“Hai, sorry. Aku gak telat kan?” tanya Ghazam yang kini tengah mengambil nafasnya berat usai berlari dari parkiran menuju halaman belakang gedung tersebut.
“Gak. Masih ada waktu lima menit lagi,” jawab Varisha singkat.
“Hmm, okay. D-dari mana yang mau kita bahas?” tanya Ghazam seraya menarik salah satu kursi tua di hadapan gadis tersebut.
“Gak ada yang perlu dibahas lagi. Kita langsung ke point utama aja. Let’s end this,” jawab Varisha berterus terang.
“Beneran gak bisa diperbaiki lagi ya, Ca?” tanya Ghazam seraya menatap lekat wajah sendu gadis tersebut.
“Gak bisa,” jawab Varisha yang sedari tadi sama sekali tak berani menatap wajah lelaki tersebut. Bukannya apa, gadis tersebut hanya takut jikalau ia harus jatuh lagi di dalam genggaman lelaki tersebut. Varisha tak mau mengulangi kesalahan yang sama lagi, ia sudah jera.
“Okay, gakpapa,” jawab Ghazam pelan. Sementara itu, gadis tersebut cukup kaget usai mendengarkan jawaban lugas dari lelaki tersebut. Rasanya ini bukanlah Ghazam sang kekasih yang ia kenal, Ghazam yang ada di hadapannya kali ini begitu berbeda. Tak ada intonasi emosional dari setiap ucapannya, pun tak ada aksi paksaan dari tindakan lelaki tersebut kali ini. Semuanya benar-benar di luar ekspektasi.
“Tapi, kita boleh tetep temenan kan?” lanjut Ghazam seraya menatap lurus wajah manis sang mantan kekasih.
“Ya,” jawab Varisha dengan suara pelannya. Ada intonasi yang cukup perih yang saat ini tengah ditahan mati-matian oleh gadis tersebut. Semuanya terasa aneh, sadari awal ia yang ingin mengkahiri hubungannya dengan lelaki tersebut, namun di lain sisi ada rasa sekit yang luar biasa menguras emosi tatkala kata-kata perpisahan tersebut terlontar dari keduanya.

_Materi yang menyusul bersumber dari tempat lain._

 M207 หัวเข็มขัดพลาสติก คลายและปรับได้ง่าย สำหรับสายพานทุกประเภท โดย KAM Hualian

“Aca harus bahagia ya, maafin Kak Azam kalau selama kita bareng Acanya sedih terus. Aca berhak untuk dapet laki-laki lain yang lebih baik dari Kak Azam,” ucap Ghazam tulus seraya mengusap pucuk kepala gadis tersebut.
“Ya, Kak Azam juga. Mau sama siapapun yang jadi pelabuhan terakhirnya, Kak Azam harus bahagia,” jawab gadis tersebut berusaha sekuat hati mengucapkan kata-kata yang begitu menyakitkan hatinya.
“Ya, pasti,” jawab Ghazam sembari mengukir senyuman manisnya untuk gadis tersebut.
“Dah, semuanya udah clear ya? We’re still a good friend right?” tanya Ghazam memastikan.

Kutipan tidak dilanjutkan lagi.